In agreement with several other publications27,28, researchers found a positive correlation between the inhibitory activity of water and ethanol extracts and their concentration, which may be due to the increased concentration of effective secondary metabolites. Moreover, the ability of the plant extract to inhibit microbial growth was significantly affected by the solvent type as previously reported by Wendakoon et al.29 and Ababutain30.
The results of this study showed that Sarcocolla gum resin extract possesses broad spectrum antimicrobial activity against both Gram-positive and Gram-negative bacteria, despite differences in cell wall structure between these two groups. Alternatively, it has been reported that Gram-negative bacteria are more resistant to external impacts than are Gram-positive bacteria31.
Sarcocolla gum resin extract also strongly inhibited the growth of tested yeast. The water extracts exhibited high MIC values of ranging 12.5-25 μg mL1 against P. aeruginosa ATCC 27853, S. aureus ATCC 29213, B. cereus and S. ciferrii. Ethanol extracts exhibited high MIC values at 12.5 μg mL1 against P. aeruginosa ATCC 27853 and S. ciferrii. This result is similar to research conducted on other species of Astragalus, such as the study by Jaradat et al.25, who found that aqueous extracts of A. pelecinus exhibited antimicrobial activity against S. aureus, MRSA, E. coli, P. aeruginosa and C. albicans. Methanol extract possessed antimicrobial activity against S. aureus, MRSA and E. coli. Moreover, Labed et al.32 found that the chloroform extract of A. armatus exhibited high antibacterial activity against S. aureus, E. coli and P. aeruginosa with MIC values of 80 μg mL1.
The current study clearly showed that Sarcocolla gum resin possesses bioactive compounds that affect the growth of pathogenic microorganisms. Therefore, the use of such plant materials as a microbial therapeutic provides an opportunity to develop new antibiotics. Nevertheless, toxicity studies are required to ensure the safety of these plant materials. Since the solvent type has a direct effect on the inhibitory activity of plant extracts against microbes, testing other types of solvents will be required.

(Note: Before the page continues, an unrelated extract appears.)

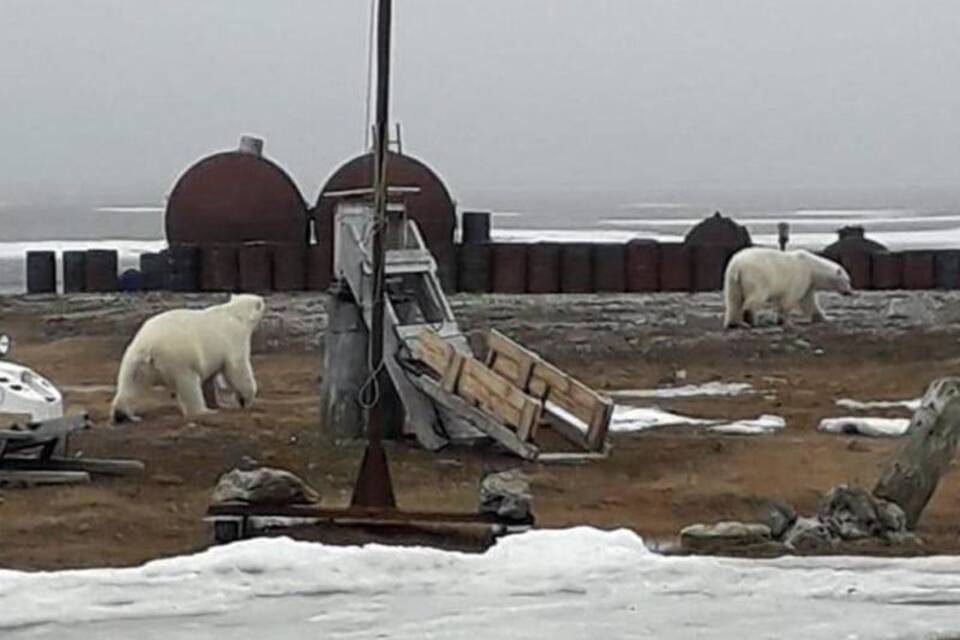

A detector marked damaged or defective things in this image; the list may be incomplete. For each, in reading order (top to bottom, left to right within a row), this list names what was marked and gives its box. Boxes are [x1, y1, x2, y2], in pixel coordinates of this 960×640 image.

The current study revealed that Sarcocolla gum resin extracted from A. sarcocolla possessed high antimicrobial activity that depends on the solvent type, concentration of plant extract and microbial type. These results provide a possible new source of antimicrobials that may be useful in the manufacture of antibiotics.
This study demonstrated the antimicrobial activity of Sarcocolla gum resin against Gram-positive and Gram-negative bacteria and yeast that may be beneficial for the manufacture of new antibiotics. This is the first report of antimicrobial activity of Sarcocolla gum resin. Also, this study demonstrates that the inhibitory potential of plant extracts can be significantly affected by solvent type and plant extract concentration. Thus, conditions must be optimized to increase the inhibitory activity of plant extracts.
The author would like to thank the research units at Al Rayyan Campus-College of Science- Imam Abdulrahman Bin Faisal University for providing space and devices that were required for these experiments. I also would like to thank Dr. Ahmed Alsayyah, Dr. Reem AlJindan and Mrs. Nouf Alromaili for providing us with the tested bacteria.